Tutorials

Step-by-step guides for common orchestrator workflows.

Tutorial 1: Setting up orchestrator with a MySQL topology

This tutorial walks you through setting up orchestrator to manage an existing MySQL master-replica topology.

What you will need

A running MySQL master with one or more replicas (MySQL 5.7+ or 8.0+)
Go 1.25+ installed
Network access from the orchestrator host to all MySQL instances on port 3306

Step 1: Build orchestrator

git clone https://github.com/proxysql/orchestrator.git
cd orchestrator
go build -o bin/orchestrator ./go/cmd/orchestrator

Step 2: Create a MySQL user for orchestrator

On your MySQL master (this will replicate to all replicas automatically):

CREATE USER 'orc_topology'@'orchestrator-host' IDENTIFIED BY 'a_secure_password';
GRANT SUPER, PROCESS, REPLICATION SLAVE, REPLICATION CLIENT ON *.* TO 'orc_topology'@'orchestrator-host';

Replace orchestrator-host with the hostname or IP of the machine running orchestrator. Use % for any host.

Step 3: Create a MySQL backend database

For production use, orchestrator should store its data in MySQL rather than SQLite.

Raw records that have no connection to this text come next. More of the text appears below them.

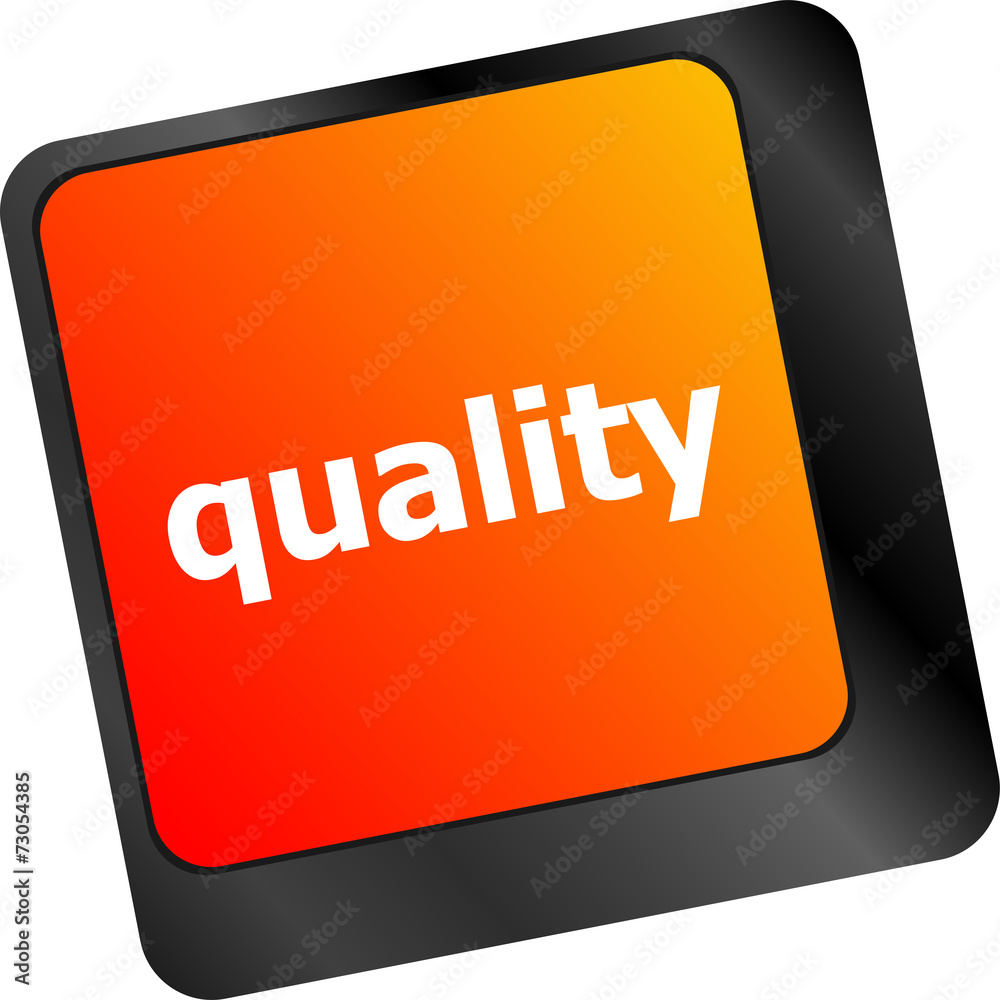 Poster quality button on computer keyboard showing business concept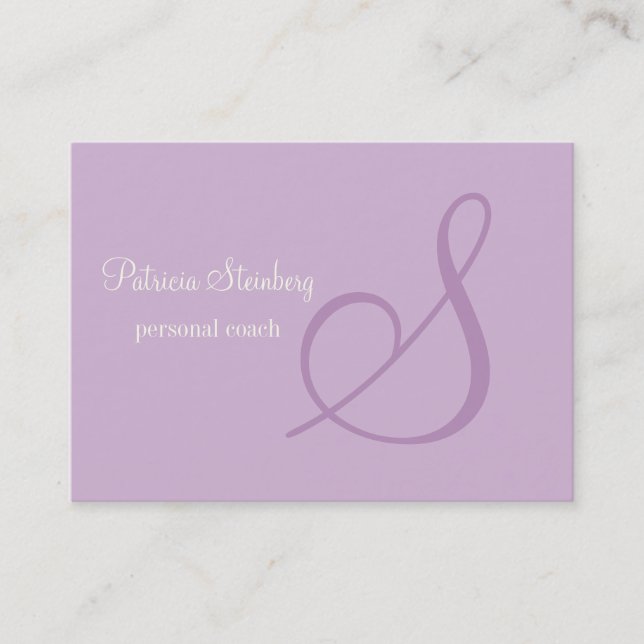 Lavender Minimalistic Monogram Business Card (Front)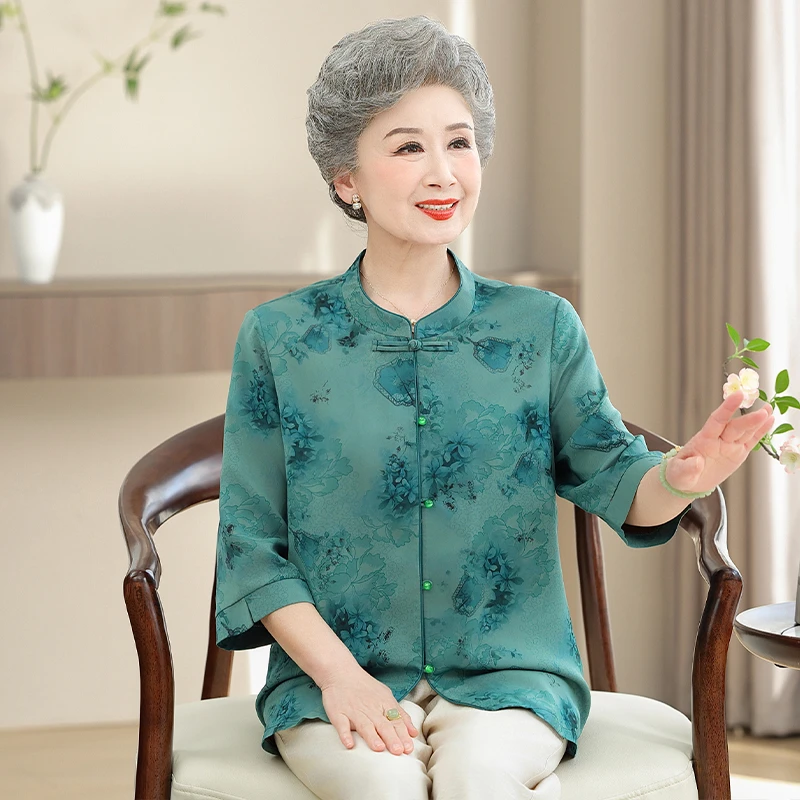 奶奶装七分袖衬衫中老年人气质妈妈装衬衣6070春夏薄款中国风衣服
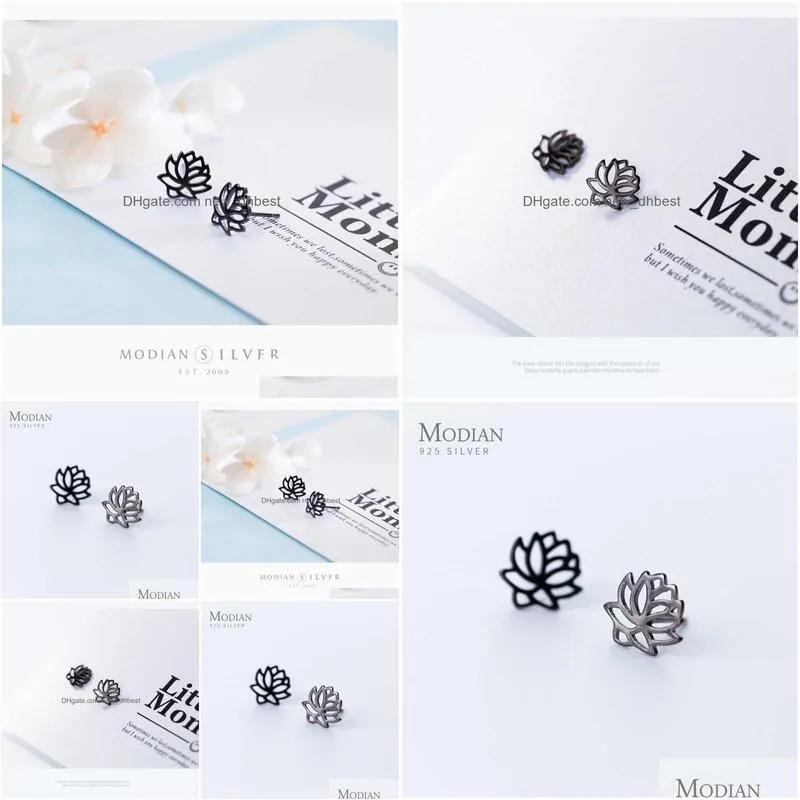 Stud 925 Sterling Sier Black Lotus Flower Stud Earrings Classic Charm Anti-Allergy Jewelry For Women Christmas 210707 Drop Delivery J Dhirk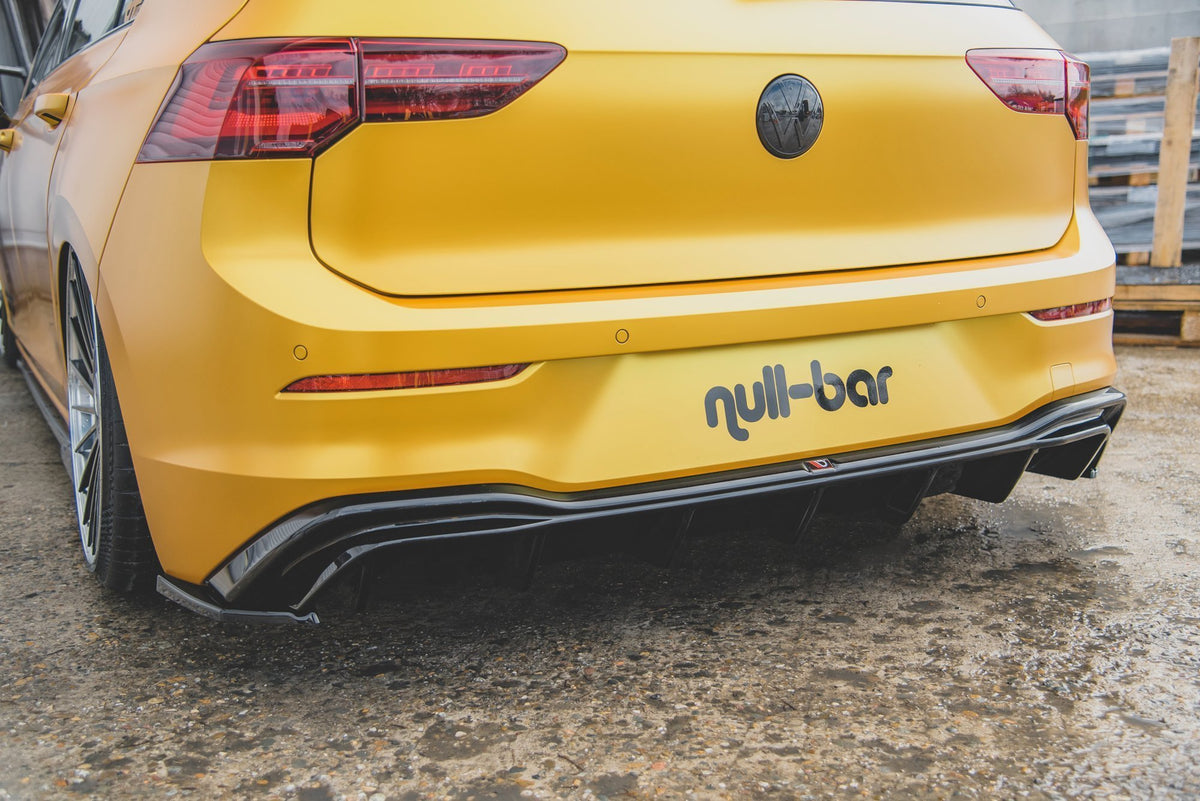 Heck Ansatz Flaps Diffusor für VW Golf 8  schwarz Hochglanz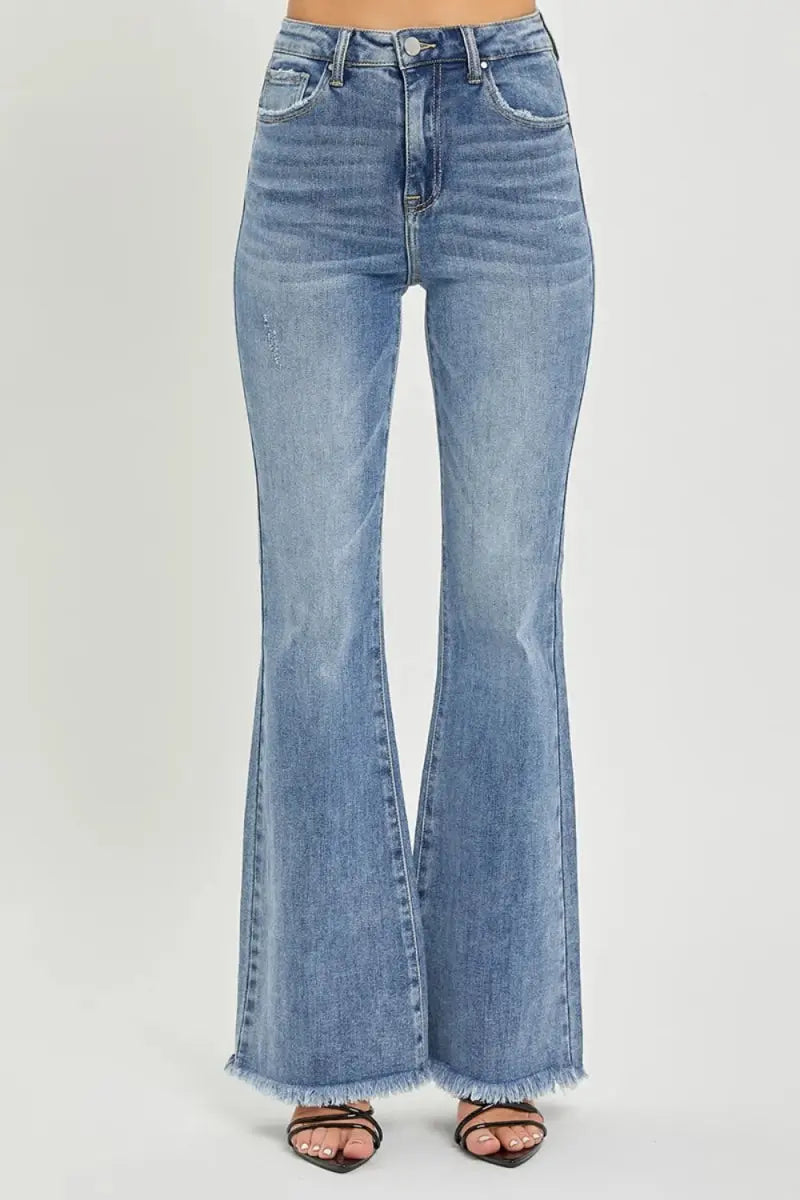 Flare Jeans - High Waist - Raw Hem Denim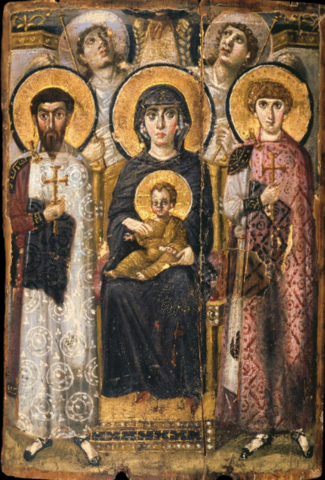 Virgin and child between Saint Thomas and George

On a MySQL instance (can be the same master, or a separate server):

CREATE DATABASE orchestrator;
CREATE USER 'orc_server'@'localhost' IDENTIFIED BY 'another_secure_password';
GRANT ALL ON orchestrator.* TO 'orc_server'@'localhost';

Step 4: Write the configuration file

Create orchestrator.conf.json:

{
  "Debug": false,
  "ListenAddress": ":3000",
  "MySQLTopologyUser": "orc_topology",
  "MySQLTopologyPassword": "a_secure_password",
  "MySQLOrchestratorHost": "127.0.0.1",
  "MySQLOrchestratorPort": 3306,
  "MySQLOrchestratorDatabase": "orchestrator",
  "MySQLOrchestratorUser": "orc_server",
  "MySQLOrchestratorPassword": "another_secure_password",
  "DefaultInstancePort": 3306,
  "DiscoverByShowSlaveHosts": true,
  "InstancePollSeconds": 5,
  "ReasonableReplicationLagSeconds": 10,
  "RecoverMasterClusterFilters": ["*"],
  "RecoverIntermediateMasterClusterFilters": ["*"],
  "ApplyMySQLPromotionAfterMasterFailover": true,
  "FailureDetectionPeriodBlockMinutes": 60,
  "RecoveryPeriodBlockSeconds": 3600
}

Step 5: Start orchestrator

bin/orchestrator -config orchestrator.conf.json http

Step 6: Discover the topology

curl http://localhost:3000/api/discover/your-master-host/3306

Wait a few seconds for orchestrator to crawl the replicas, then verify:

curl -s http://localhost:3000/api/topology/your-master-host/3306

You should see your full replication tree printed as indented text.

Step 7: Verify in the web UI

Open http://localhost:3000 in your browser. Click on Clusters in the navigation to see your topology visualized as a tree.

Step 8: Test a topology operation

Move a replica to a different position (dry run with the API):

# List replicas of the master
curl -s http://localhost:3000/api/instance-replicas/your-master-host/3306

You now have a fully operational orchestrator instance managing your MySQL topology.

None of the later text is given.